Los cincuenta o sesenta años que duró el exilio de Babilonia constituyeron una etapa importantísima en la preparación del pueblo de Dios. Las pruebas, la meditación del pasado y la labor de los profetas suscitaron la formación de un grupo selecto de fieles, que practicaba una religión despojada de toda falsa seguridad y era animado por una fe cada vez más sencilla y viva.
Desde tiempos muy antiguos los sabios de Israel estaban convencidos que en caso de una amenaza o catástrofe, iba a sobrevivir una pequeña porción del pueblo, que sería depositaria de las promesas y de la esperanza, al estilo de Noé y su familia, un residuo de humanidad que se salvó del diluvio. Muchos profetas hablaron de este “pequeño resto de Israel”, entre ellos: Elias, Amós, Isaías, Miqueas y Jeremías.

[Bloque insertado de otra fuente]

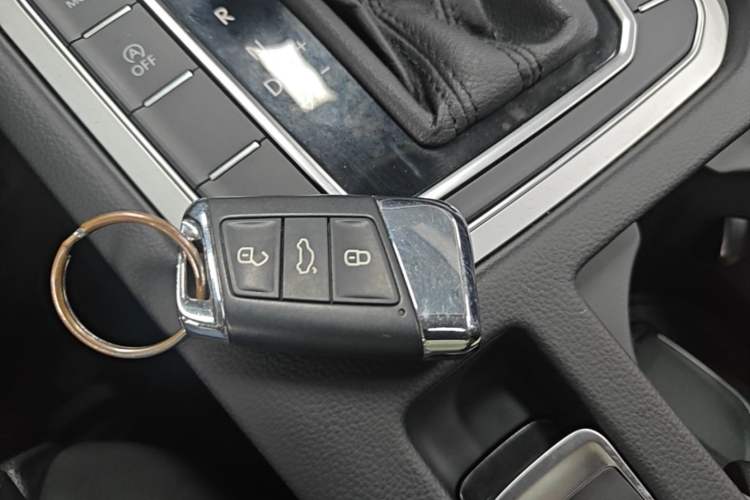 Used Volkswagen Variant 2018 380TSI Two-Wheel Drive Comfort Edition Vehicle Key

Fue el profeta Ezequiel quien se dio cuenta que los sobrevivientes de Babilonia no eran mejores que los que habían muerto y que la misión de continuar la historia de salvación le estaba reservada a un grupo más purificado: los pobres de Yahvé.
Cerca del año 630 Sofonías había anunciado que en un pueblo humilde y pobre estaba la esperanza de Israel; pero fue Isaías el que declaró que el pequeño resto del Pueblo de Dios coincidía con los pobres de Yahvé.
Aunque eran pobres, que habian perdido todo durante el exilio, en vez de rebelarse contra Dios, se volvieron hacia Él y a los hermanos. Humildes ante Dios, le confesaban sus pecados, aceptaban su voluntad y confiaban en Él, porque sabían que es un Padre fiel y bondadoso.
Esta disposición de corazón la conservaron aún cuando volvieron a poseer algunos bienes propios en Babilonia o de regreso a la patria.